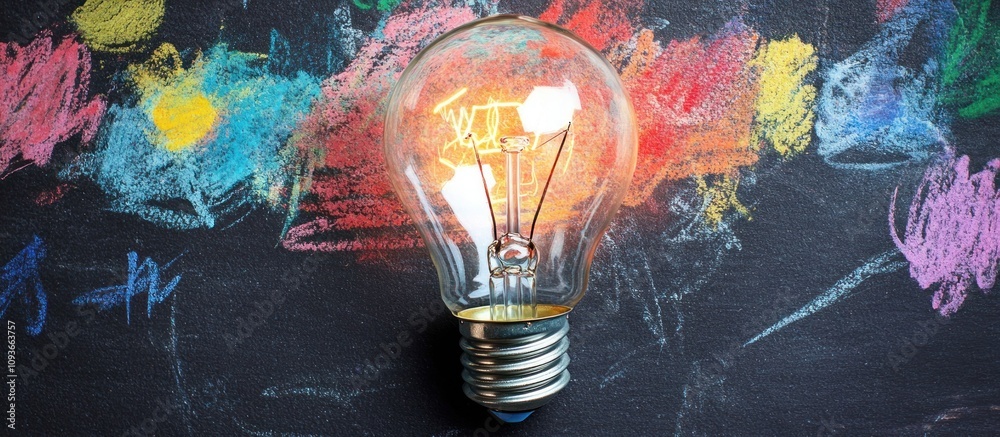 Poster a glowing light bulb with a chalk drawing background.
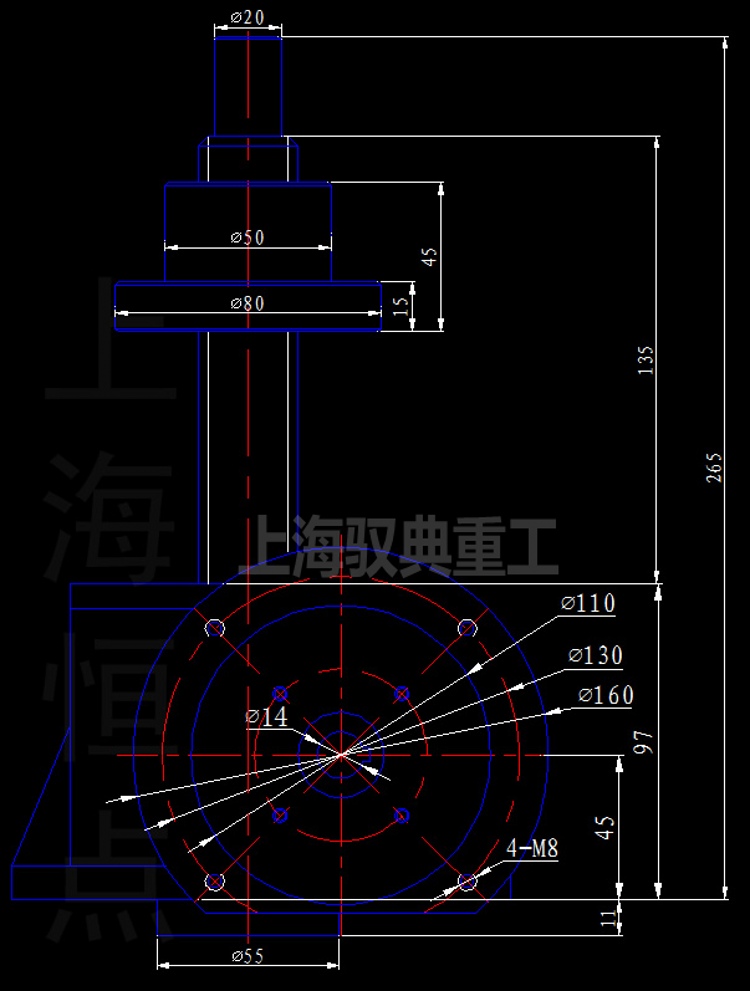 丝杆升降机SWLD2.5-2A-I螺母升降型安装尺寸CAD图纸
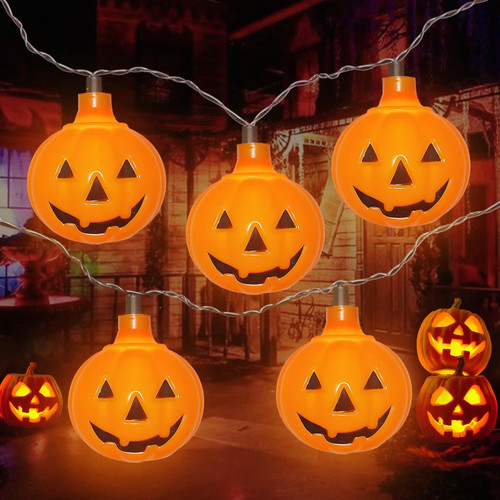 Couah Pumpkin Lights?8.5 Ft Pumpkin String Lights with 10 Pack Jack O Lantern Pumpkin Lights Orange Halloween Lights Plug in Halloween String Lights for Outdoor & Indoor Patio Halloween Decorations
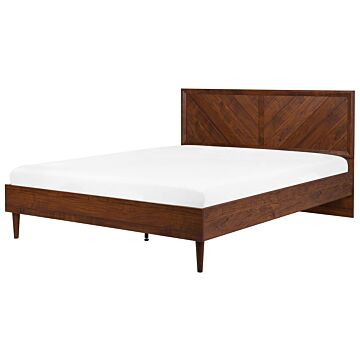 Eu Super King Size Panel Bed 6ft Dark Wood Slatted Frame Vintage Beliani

# # #

▶ [Assignment] Starting with the line that contains "丝杆升降机SWLD2.5-2A-I螺母升降型安装尺寸CAD图纸", repeat each line exactly through the last line of the data above, and nothing more; the pictures stay out.

▶ [Response to the task]
 丝杆升降机SWLD2.5-2A-I螺母升降型安装尺寸CAD图纸
 Couah Pumpkin Lights?8.5 Ft Pumpkin String Lights with 10 Pack Jack O Lantern Pumpkin Lights Orange Halloween Lights Plug in Halloween String Lights for Outdoor & Indoor Patio Halloween Decorations
 Eu Super King Size Panel Bed 6ft Dark Wood Slatted Frame Vintage Beliani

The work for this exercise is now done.